Prend-t-on la main de quelqu’un qui la tend ?
Ce
ne sont que quelques-unes des questions que Michael Farris Smith pose
dans son triste et brillant nouveau roman.
Dans
un coin reculé du Mississippi, Russell Gaines vient de sortir de
prison après avoir purgé une peine de 11 ans d’enfermement. Il a
passé ce temps à réfléchir à beaucoup de choses : l’erreur
qu’il a commise, ceux qui continueront à lui vouloir du mal après
sa libération, la femme qu’il aimait et qu’il a perdue.
Il
est prêt à recommencer sa vie, même s’il sait que ce ne sera pas
chose facile. Et cela il s’en aperçoit rapidement !
Un
comité d’accueil est prêt à en découdre avec lui, estimant
qu’il est loin d’avoir payé sa dette. Russell doit choisir sa
façon de répondre : jusqu’où se laisser pousser avant de
réagir, en sachant très bien que les portes du pénitencier ne sont
jamais tout à fait refermées ?
Pendant
ce temps, une jeune femme nommée Maben marche le long d’une route,
en compagnie de sa jeune fille Annalee, emportant dans un sac
plastique leurs maigres affaires, en quête d’un abri pour se
reposer et avoir un peu de répit. Maben a le sentiment de passer sa
vie à fuir quelque chose et elle ne veut pas exposer sa fille à ses
propres erreurs.
Elle
se laissa glisser le long du mur et s’allongea par terre, la tête
posée sur un bras, et elle se mit à pleurer en silence. Et tandis
que les larmes coulaient, elle revoyait le sachet glisser sous la
porte. Elle revoyait les sales habitudes refuser de l’écouter,
refuser de la laisser tranquille. Refuser de se tenir loin d’elle
mais se rapprocher au contraire, à pas furtifs, jusqu’à
s’immiscer tout contre elle et la petite.
Un
jour, les routes de Russell et Maben vont se croiser. Aucun des deux
ne veut parler de l’autre. Russell sent néanmoins qu’il est de
son devoir de protéger Maben et Annalee, bien qu’il pense qu’elle
lui cache un terrible secret. Quand il le découvre, il est déjà
trop tard pour s’en dépêtrer,
et il doit décider s’il faut prendre la fuite ou accepter ce qui
finira bien par arriver.
C’est
vraiment un livre phénoménal.
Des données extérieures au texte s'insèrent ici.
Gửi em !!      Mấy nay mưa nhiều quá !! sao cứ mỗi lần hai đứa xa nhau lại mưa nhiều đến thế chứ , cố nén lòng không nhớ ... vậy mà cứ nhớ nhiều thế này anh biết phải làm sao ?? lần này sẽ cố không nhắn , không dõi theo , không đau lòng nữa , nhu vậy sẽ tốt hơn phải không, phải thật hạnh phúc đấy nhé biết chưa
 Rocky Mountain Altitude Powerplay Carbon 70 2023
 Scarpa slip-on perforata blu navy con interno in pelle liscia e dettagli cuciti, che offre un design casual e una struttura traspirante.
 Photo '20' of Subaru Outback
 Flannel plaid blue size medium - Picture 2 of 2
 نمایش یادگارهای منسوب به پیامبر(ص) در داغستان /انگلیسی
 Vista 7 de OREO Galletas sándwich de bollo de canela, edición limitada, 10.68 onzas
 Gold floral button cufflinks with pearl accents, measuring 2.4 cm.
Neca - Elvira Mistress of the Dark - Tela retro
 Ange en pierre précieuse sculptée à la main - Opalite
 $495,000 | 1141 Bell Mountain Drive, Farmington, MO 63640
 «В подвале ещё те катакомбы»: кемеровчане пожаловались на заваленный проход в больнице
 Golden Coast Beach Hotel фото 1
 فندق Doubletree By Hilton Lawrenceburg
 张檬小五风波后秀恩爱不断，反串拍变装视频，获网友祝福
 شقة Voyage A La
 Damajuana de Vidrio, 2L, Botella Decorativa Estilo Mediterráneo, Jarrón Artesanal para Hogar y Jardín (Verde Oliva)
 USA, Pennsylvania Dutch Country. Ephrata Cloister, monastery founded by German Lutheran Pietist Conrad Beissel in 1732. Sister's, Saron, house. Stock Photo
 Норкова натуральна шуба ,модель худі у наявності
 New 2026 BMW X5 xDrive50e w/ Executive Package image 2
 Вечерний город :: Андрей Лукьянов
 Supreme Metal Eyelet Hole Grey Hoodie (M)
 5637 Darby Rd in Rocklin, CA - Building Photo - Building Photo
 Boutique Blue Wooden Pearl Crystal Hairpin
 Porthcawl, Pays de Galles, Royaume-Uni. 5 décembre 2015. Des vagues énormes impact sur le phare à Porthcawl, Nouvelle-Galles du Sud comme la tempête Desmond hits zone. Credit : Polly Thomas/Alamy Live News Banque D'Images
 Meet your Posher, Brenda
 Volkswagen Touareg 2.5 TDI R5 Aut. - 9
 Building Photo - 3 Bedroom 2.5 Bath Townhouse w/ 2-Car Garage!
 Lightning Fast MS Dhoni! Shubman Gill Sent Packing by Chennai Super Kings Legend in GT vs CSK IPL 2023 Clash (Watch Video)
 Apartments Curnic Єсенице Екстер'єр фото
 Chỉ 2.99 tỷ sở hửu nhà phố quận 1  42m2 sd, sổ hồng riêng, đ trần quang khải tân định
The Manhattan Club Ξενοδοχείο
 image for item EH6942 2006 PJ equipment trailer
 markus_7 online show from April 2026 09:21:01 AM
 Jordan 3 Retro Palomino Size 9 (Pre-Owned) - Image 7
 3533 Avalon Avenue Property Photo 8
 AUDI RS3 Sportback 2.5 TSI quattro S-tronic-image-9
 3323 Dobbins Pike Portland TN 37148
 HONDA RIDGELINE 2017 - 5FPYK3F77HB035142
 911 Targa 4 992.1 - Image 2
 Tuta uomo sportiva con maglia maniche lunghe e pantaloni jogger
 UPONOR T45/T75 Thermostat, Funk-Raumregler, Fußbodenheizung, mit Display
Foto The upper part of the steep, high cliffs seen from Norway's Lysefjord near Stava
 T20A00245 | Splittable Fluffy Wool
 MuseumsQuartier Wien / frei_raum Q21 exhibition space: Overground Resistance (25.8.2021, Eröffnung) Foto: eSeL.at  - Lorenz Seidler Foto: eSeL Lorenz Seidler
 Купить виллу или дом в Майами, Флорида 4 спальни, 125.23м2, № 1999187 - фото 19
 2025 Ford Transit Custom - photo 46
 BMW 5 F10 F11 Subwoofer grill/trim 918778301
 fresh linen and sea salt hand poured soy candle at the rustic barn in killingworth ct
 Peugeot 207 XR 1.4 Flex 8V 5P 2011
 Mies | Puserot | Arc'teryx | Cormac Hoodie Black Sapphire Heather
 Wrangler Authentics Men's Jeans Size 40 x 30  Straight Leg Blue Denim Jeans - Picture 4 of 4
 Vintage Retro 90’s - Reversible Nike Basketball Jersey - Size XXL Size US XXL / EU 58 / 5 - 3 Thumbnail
Je ne connaissais pas cet auteur, et
j’ai pourtant été captivé immédiatement par sa prose, une
prose expressive toute en finesse et en vitalité qui enchaîne le
lecteur insidieusement, par
ses personnages fortement
dessinés qui entrent dans votre conscience en tant que personnes
réelles et authentiques, par
le monde sombre, presque déprimant, qu’il
décrit.
Il
se
dégage de l’écriture
une langueur, un rythme lent et comme un temps suspendu par moments,
dans les gestes des personnages, dans le déroulé de l’histoire,
pas de vitesse. Ce n’est pas un ralenti, mais une lenteur que
j’aime beaucoup…cette scène, quand Russell retrouve son père,
la pêche, le retour et le temps de réadaptation entre père et
fils, la manière qu’ils ont de se ré-apprivoiser.
Michael
Farris Smith fait un merveilleux
travail sur l’humanité de tous les personnages, forçant le
lecteur à éprouver de l’empathie même pour les plus sombres, à
essayer
de trouver un moment de compréhension, même pour les personnes plus
méprisables.
Il
avait passé de nombreuses nuits à réfléchir aux paroles du
prêtre. Le pardon est là si vous le voulez. Peu importe ce que vous
avez fait. Il y avait quelque chose de bizarre là-dedans. Il fallait
bien qu’il y ait un point de non-retour. Des choses qu’on ne
pouvait pas réparer. Il avait côtoyé les pires spécimens
d’humanité et il aurait voulu qu’ils soient punis de leurs
crimes afin de pouvoir se sentir différent d’eux.
Une
lecture exceptionnelle et superbe que je recommande.